As the Finance Minister prepares to present the Union Budget for FY2026-27, India finds itself at a crucial juncture amid global uncertainties and uneven domestic growth patterns. Markets are seeking clarity and continuity rather than headline-grabbing fiscal stimulus, with expectations centered on sustaining growth without compromising fiscal credibility.
Economic Backdrop and Growth Outlook
India's economic fundamentals remain relatively strong despite global headwinds. The country's real GDP growth is estimated at around 7-7.5% for FY26, supported by public capital expenditure, resilient services exports, and a gradually improving private investment cycle. Inflation has moderated meaningfully over the past year, providing policymakers with greater flexibility for budget planning.

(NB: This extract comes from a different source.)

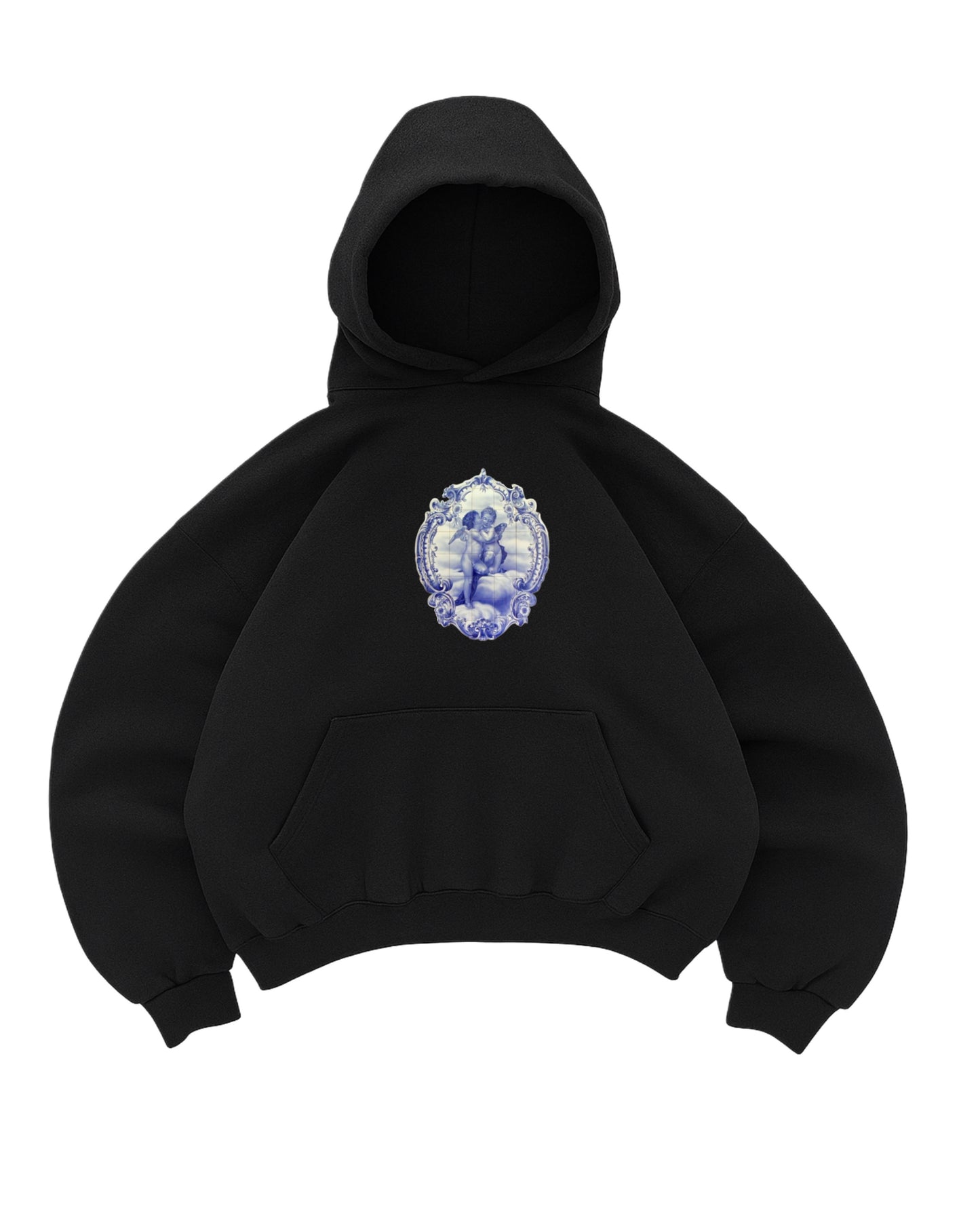 Hoodie emotion love modelo negro manga globo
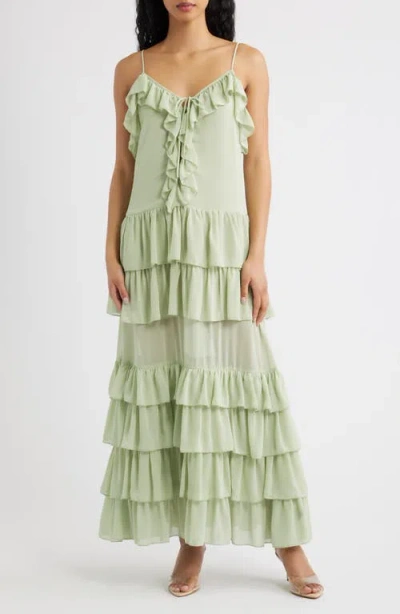 Torn By Ronny Kobo Orcadia Ruffle Maxi Dress In Green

| Economic Indicator | FY26 Performance | Outlook |
|---|---|---|
| Real GDP Growth | 7-7.5% | Supported by public capex and services |
| Inflation | Moderated significantly | Provides policy flexibility |
| Nominal GDP Growth | Slowed in FY26 | Expected to stabilise in FY27 |
Fiscal Strategy: Consolidation Pause
After several years of fiscal tightening, FY27 is likely to mark the end of fiscal drag. The government is expected to retain the fiscal deficit at around 4.4% of GDP, similar to FY26, rather than pursuing further consolidation. This pause would allow the economy to absorb benefits from past monetary easing and earlier tax rationalisation.
Gross tax revenues are projected to grow in the high single-digit range, aided by a low base and gradual recovery in nominal GDP growth. While FY26 revenues faced pressure from tax cuts and softer demand, FY27 should witness improved buoyancy, though upside may be limited by cess rationalisation and absence of new tax hikes.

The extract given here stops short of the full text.